With eight basic medical facts in hand, doctors can now estimate the risk of bleeding for a patient having a heart attack.
Using clinical variables, researchers at the School of Medicine, Duke University and collaborating institutions have created a new method to estimate bleeding risk and help lessen the chances that heart attack patients will experience this common complication.
“Until now, there hasn’t been a simple tool applicable to the general population that can predict the risk of bleeding before patients are treated for heart attack,” said Richard G. Bach, M.D., associate professor of medicine and an author of the study. “Older methods for estimating risk either were derived from a low-bleeding-risk population or used variables that aren’t available until after treatment is begun.”
The assessment tool is described in a study in the April 14 issue of Circulation.
Doctors treat heart attacks with medications and procedures intended to prevent ischemic complications, or damage caused by lack of oxygen to the heart.
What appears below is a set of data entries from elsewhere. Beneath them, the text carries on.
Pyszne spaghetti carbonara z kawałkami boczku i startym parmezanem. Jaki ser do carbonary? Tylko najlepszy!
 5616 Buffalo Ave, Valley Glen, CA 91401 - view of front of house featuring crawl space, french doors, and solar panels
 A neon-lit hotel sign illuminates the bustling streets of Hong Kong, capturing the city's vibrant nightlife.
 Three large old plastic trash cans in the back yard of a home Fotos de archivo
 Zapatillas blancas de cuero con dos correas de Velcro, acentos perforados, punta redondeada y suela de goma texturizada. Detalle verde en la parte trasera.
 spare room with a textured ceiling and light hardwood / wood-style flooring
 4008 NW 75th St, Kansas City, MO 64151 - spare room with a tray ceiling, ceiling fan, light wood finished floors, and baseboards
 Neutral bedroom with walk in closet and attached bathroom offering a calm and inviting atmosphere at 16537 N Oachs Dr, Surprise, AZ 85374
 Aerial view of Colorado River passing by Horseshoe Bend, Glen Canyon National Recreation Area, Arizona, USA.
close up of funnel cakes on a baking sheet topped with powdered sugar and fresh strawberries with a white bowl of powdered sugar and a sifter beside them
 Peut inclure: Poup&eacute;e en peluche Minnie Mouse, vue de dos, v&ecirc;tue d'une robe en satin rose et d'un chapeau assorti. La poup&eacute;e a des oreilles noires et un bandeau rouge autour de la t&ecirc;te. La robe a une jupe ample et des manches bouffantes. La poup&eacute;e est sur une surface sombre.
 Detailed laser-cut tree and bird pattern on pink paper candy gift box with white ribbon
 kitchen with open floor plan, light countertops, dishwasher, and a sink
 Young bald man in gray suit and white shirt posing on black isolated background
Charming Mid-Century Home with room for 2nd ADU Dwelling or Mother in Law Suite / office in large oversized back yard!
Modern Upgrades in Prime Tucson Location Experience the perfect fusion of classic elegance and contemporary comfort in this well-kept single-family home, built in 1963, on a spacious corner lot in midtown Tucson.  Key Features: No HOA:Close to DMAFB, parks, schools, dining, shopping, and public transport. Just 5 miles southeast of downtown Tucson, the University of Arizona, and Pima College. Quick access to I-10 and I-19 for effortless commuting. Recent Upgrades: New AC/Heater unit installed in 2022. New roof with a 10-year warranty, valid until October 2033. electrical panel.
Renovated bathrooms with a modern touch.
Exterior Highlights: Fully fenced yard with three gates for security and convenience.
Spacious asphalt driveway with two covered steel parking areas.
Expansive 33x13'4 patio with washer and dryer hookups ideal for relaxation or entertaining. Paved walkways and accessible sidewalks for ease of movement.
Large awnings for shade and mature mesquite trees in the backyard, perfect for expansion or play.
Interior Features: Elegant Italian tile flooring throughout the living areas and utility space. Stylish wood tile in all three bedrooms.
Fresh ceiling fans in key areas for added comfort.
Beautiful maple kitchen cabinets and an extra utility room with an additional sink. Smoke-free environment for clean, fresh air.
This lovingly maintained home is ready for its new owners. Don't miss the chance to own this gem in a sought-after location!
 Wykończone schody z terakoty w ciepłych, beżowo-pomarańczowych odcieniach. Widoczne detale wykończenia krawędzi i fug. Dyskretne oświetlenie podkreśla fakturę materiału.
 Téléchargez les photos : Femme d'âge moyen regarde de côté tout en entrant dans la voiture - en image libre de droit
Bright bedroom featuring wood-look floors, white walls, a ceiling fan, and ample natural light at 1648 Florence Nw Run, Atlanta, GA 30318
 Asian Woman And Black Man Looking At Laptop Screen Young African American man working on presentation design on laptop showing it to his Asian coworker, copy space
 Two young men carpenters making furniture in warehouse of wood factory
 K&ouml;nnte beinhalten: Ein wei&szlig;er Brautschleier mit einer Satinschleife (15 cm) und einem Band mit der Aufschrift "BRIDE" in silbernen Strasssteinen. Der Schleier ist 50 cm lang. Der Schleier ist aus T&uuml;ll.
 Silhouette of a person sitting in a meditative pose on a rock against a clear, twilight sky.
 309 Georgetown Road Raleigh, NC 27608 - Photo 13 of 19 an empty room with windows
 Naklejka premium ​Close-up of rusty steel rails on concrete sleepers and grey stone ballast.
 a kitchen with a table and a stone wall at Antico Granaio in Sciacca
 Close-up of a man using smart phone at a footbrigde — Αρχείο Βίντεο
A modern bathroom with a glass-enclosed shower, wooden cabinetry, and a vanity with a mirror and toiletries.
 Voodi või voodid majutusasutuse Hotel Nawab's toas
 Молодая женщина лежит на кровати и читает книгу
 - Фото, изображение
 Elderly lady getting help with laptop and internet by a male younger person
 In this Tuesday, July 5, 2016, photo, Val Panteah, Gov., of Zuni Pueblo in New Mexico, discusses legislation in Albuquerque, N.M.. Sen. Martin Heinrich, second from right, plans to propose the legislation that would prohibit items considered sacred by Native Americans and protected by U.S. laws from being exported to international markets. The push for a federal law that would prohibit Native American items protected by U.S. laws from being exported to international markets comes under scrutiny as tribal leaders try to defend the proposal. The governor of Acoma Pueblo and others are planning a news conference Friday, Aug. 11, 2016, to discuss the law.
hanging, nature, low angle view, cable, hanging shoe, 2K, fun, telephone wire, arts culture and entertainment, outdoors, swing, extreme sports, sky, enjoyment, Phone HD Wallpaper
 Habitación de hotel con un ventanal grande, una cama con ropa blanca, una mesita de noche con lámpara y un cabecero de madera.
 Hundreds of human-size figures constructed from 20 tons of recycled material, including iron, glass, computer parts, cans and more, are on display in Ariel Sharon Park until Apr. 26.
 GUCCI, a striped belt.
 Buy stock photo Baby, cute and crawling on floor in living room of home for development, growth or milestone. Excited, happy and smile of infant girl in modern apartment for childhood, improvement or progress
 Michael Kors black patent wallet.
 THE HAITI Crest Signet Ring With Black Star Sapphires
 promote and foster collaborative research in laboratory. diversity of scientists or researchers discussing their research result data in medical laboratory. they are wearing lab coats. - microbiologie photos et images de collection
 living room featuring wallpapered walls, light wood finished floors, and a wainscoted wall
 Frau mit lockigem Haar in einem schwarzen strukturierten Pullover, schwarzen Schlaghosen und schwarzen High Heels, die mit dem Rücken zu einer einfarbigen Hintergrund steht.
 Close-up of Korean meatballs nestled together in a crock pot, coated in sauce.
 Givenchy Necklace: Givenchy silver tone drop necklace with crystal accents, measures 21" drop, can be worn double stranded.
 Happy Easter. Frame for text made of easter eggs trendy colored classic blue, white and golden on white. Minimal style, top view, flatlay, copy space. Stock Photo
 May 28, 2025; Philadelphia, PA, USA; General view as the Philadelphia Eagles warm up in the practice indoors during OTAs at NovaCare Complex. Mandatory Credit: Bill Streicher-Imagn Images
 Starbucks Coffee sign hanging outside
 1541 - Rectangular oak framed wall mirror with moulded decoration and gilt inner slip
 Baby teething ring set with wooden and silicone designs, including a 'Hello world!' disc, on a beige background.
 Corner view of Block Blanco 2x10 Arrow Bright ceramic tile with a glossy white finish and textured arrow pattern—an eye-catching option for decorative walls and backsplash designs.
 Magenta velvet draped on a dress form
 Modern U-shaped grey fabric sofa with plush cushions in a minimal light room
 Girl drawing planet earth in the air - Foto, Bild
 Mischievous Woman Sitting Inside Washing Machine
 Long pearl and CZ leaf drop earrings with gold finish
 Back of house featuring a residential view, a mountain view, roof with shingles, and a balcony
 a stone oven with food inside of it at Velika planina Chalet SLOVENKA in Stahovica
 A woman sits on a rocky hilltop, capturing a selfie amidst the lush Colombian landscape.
But these treatments — anticlotting drugs and catheter-based interventions to the heart — also increase the likelihood of bleeding, which can be deadly.
“The risk of bleeding is substantial in people with heart attacks,” said co-author Brian F. Gage, M.D., associate professor of medicine and director of the outpatient Anticoagulation Service. “We found that this population could be risk-stratified, so that people at high risk of bleeding could receive less-aggressive anticoagulant and antiplatelet therapy, while those at low risk could receive full-dose therapy.”
Led by Sumeet Subherwal, M.D., a former Barnes-Jewish Hospital resident and now a cardiology fellow at Duke University, and in collaboration with several investigators, including Karen Alexander, M.D., a Duke Clinical Research Institute cardiologist, the researchers analyzed the medical histories of more than 89,000 patients hospitalized in the United States for non-ST-elevation heart attack. This type of heart attack is the most common and usually results from a partial blockage of the heart’s arteries.
The patient histories were part of the CRUSADE (Can Rapid risk stratification of Unstable angina patients Suppress ADverse outcomes with Early implementation of the ACC/AHA guidelines) Quality Improvement Initiative, a national multicenter program that aims to improve outcomes for heart attack patients. The risk-assessment tool is called the CRUSADE bleeding score.
“A lot of treatment decisions have to be made very promptly after the patient arrives,” said Bach, also medical director of the Cardiac Intensive Care Unit at Barnes-Jewish Hospital. “So we designed a bleeding-risk stratification tool that would require only those variables that can be obtained up front. It’s a practical tool that can be used in any hospital setting.”
The CRUSADE analysis identified eight factors that could predict the odds that a heart attack patient might suffer a bleeding event. The factors are gender, heart rate, blood pressure, hematocrit (the concentration of red cells in the blood), creatinine clearance (a measure of kidney function), diabetes, peripheral vascular disease or stroke, and congestive heart failure.
The bleeding score calculation assigns points to each factor so that the total score coincides with risk of bleeding evidenced in the CRUSADE cases. The range of possible scores is divided into five categories from a very low to very high risk of bleeding.
The bleeding risk score is intended to help guide critical early treatment decisions for clinicians caring for heart attack patients, but the impact of its use on outcomes will need to be tested in clinical trials, Bach said. Potentially, the score will be used in conjunction with other practice guidelines to optimize heart attack treatment and minimize risk.